Given information>
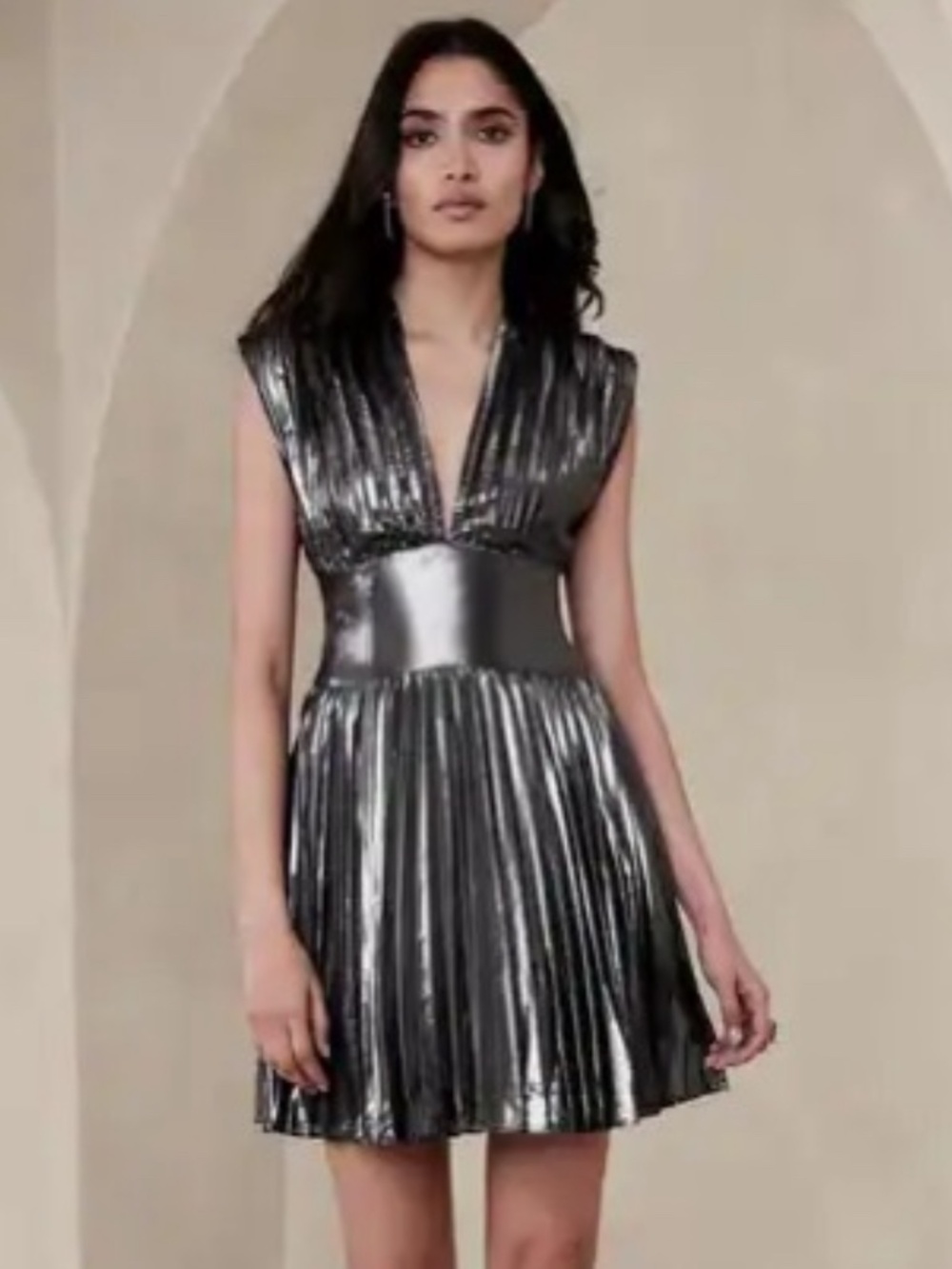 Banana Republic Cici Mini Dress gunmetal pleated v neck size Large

==

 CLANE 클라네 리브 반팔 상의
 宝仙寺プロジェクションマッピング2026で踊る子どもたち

---

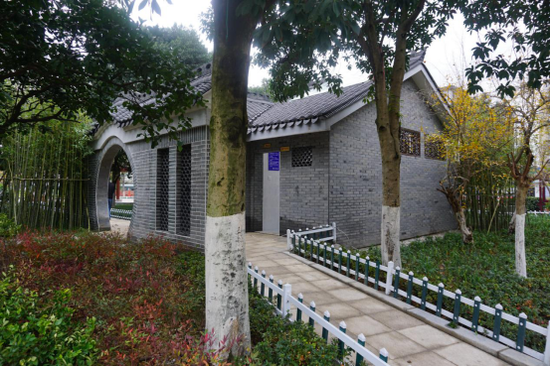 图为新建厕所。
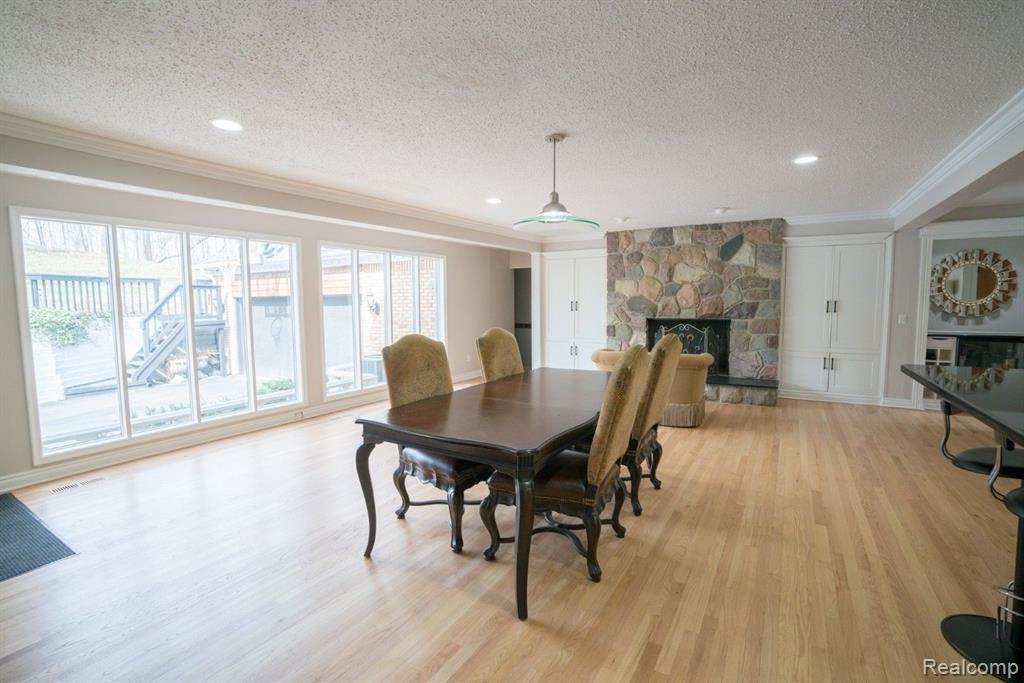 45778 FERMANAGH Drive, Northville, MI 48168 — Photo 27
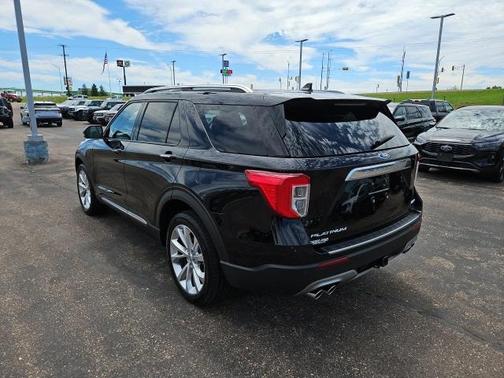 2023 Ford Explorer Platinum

What you need to do>
Leave out every picture, and copy exactly the lines above starting at the one holding "45778 FERMANAGH Drive, Northville, MI" and ending at the one holding "2023 Ford Explorer Platinum", no more and no less.

Completed task>
 45778 FERMANAGH Drive, Northville, MI 48168 — Photo 27
 2023 Ford Explorer Platinum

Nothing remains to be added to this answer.